Twenty years after his debut in a “Wallace and Gromit” short, Shaun the Sheep — a crudely drafted claymation creature with googly eyes and some woolly fuzz — gets his own delightful star vehicle.
If “Inside Out” proved once again that animated children’s movies can have as many ideas and as much complexity as any grown-up film, “Shaun the Sheep” illustrates that a big-screen adventure needs neither to succeed. Based on the stop-motion BBC series of the same name, “Shaun the Sheep” is pure diversion: a steady run of puns, slapstick and non-obnoxious pop-culture references with a dash of mild-as-milk satire. Refreshingly for children (but especially for adults), there are no lessons to learn and no faults to admonish. Instead, it’s an 84-minute, dialogue-free distillation of all the innocent fun we wish childhood could be.
A simple attempt to break up the daily routine snowballs into a grand and buoyant quest homeward: Shaun and his largely indistinguishable flock just need a day off from the daily tedium of farm life, as do the gentle but distracted Farmer and his loyal foreman, a timetable-obsessed herding dog who shows up every morning with a watch and a clipboard in hand. In a marvelously careening sequence, the sheep sidetrack the dog with an unattainable bone while jumping over a fence until the Farmer is hypnotized into sleep. They’re careful enough to draw nighttime on the window shades in case the Farmer wakes up in the trailer, but they don’t foresee the vehicle rolling off its stopper and speeding toward The Big City.

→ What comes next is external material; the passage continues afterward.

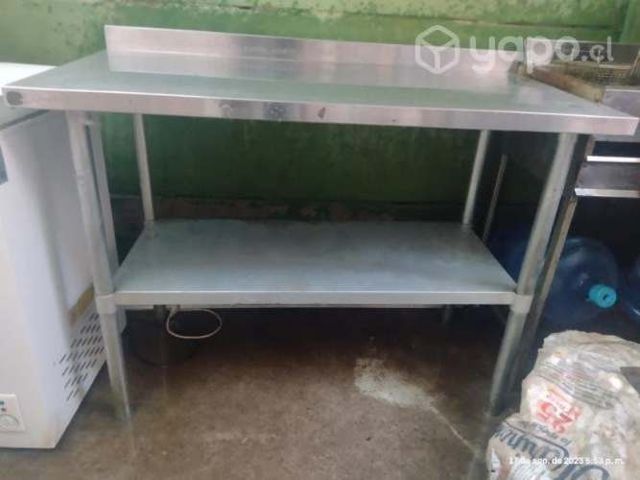 Meson de acero inoxidable 120x60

The animals follow the out-of-control trailer to rescue their owner, who’s nowhere to be found and has no idea who he is when he wakes up, though he feels a finger-tingling desire to shear. The city is even more afraid of the sheep than they are of it, and soon a maniacal animal-control officer makes it his mission to capture Shaun and his fuzzy friends, who dress up in people clothes but can’t quite figure out how to act human. Do they just chomp on the menu when it arrives, or is it more civilized to cut it up with a knife and fork first?

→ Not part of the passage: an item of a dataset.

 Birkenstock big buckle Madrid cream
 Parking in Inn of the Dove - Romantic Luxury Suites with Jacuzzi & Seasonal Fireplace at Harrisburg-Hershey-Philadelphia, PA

Writer-directors Richard Starzak and Mark Burton craft a satisfying if none-too-memorable tale out of Shaun’s attempts to restore the Farmer’s memory and get everyone back home before the sheep are captured by Animal Control. But the rush of gags — half of them expected, the other half rather inspired — justify the price of admission. None of the characters go out of their way to be funny either, and the lack of mugging cuts down on the cloying flop sweat that drags down so much other children’s entertainment.

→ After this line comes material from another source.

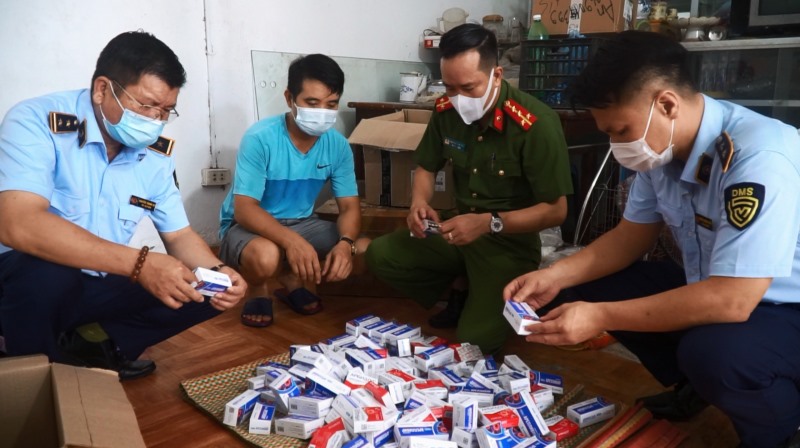 Chưa được cấp phép, thuốc quảng cáo trị COVID-19 vẫn bán tràn lan - Ảnh 2.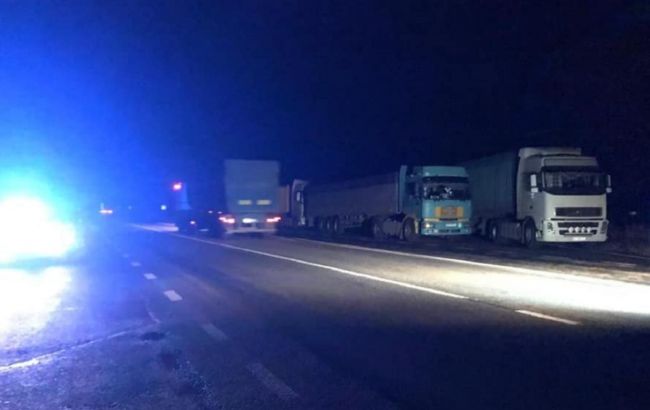На въезде в Николаев более сотни фур заблокировали движение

When the characters do need to “speak,” they do so in pantomime or, occasionally, in articulate grunts that make their feelings altogether clear. There’s a surprising but substantial joy to be had from that respite from language, even when it necessarily reduces depth of characterization, which is why it’s unfortunate that the soundtrack’s off-brand songs — the production team’s one major misstep — clangs against the film’s fragile magic.
In a movie culture with near-inescapable CGI, old-fashioned animation like “Shaun the Sheep” is always a treat — and a romp this ambitiously aimless is an all-too-rare marvel.